Megan England, media relations coordinator for Oklahoma Wesleyan University, said the Culture Connections group is bringing together different ethnicities represented on the Bartlesville, Oklahoma, campus.
“This year their big focus has been chapel,” said England. “They’ve helped host a Hispanic Heritage Chapel, a chapel for Black History month and are working on some more exciting stuff.”
Indiana Wesleyan University, Marion, Indiana, has taken to the classroom for some time now to embrace multicultural discipleship.
“The development of Unit Diversity Strategic Plans and the formation of Intergroup Dialogue Teams to help facilitate institution wide conversations have been the primary focus of Indiana Wesleyan University’s diversity and inclusion efforts this year,” said Diane McDaniel, vice president of Multicultural Enrichment. “IWU-Marion, National & Global and Wesley Seminary Diversity Strategic Plans are in the final phase of editing. The plan design comprises five dimensions: intergroup viability and vitality, campus climate and intergroup relations, education and scholarship, recruitment and retention, and outreach and community service.”

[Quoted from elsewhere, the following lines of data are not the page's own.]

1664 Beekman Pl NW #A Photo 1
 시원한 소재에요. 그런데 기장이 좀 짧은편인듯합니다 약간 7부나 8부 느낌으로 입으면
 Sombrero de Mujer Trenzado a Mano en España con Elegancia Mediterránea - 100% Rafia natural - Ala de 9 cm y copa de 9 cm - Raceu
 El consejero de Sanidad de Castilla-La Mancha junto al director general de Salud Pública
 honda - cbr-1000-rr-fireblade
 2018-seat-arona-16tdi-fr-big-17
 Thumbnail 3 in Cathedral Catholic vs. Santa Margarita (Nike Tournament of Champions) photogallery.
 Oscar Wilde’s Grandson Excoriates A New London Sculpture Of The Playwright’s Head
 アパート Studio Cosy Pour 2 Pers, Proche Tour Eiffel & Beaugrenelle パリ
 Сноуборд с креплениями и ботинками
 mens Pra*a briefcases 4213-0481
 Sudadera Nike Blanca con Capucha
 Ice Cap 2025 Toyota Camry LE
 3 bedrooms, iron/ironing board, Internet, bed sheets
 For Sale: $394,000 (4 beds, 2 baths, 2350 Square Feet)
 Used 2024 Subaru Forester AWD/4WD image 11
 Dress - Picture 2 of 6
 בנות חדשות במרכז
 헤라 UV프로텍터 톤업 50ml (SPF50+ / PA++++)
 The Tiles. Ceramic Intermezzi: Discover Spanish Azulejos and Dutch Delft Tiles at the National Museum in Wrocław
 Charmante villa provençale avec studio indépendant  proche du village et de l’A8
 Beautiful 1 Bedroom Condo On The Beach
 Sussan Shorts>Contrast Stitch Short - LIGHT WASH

Wesley Seminary at Indiana Wesleyan University is also engaging its faculty and students in multiethnic conversations.
“We try to be very intentional about the conversations we have in the classrooms—both face-to-face and online,” said Dr. Abson Joseph, dean of Wesley Seminary. “In terms of programs, we are developing a specialization in intercultural studies. We have an approved specialization in urban leadership under the John and Vera Mae Perkins Foundation. That program is going to be launched in Oakland, California. One of the residency classes is going to be taking place in Mississippi. We’re making decisions both in terms of the curriculum, what we put in it and even in terms of geographical distribution as far as where we go and what we offer.”
“This winter I had the privilege of visiting three of our five universities,” said Rev. Santes Beatty, TWC director of Multiethnic Ministries. “In each case I found these communities having either engaging conversations with students, faculty and administrators around issues of racial reconciliation and diversity or thinking strategically about creating new systems and positions to keep this work on mission and sustainable.
“I was reminded once again that this is a discipleship issue, not just diversity work,” Beatty said, “and that the movement is not limited to our churches but must be done with our students during this critical season of spiritual formation.”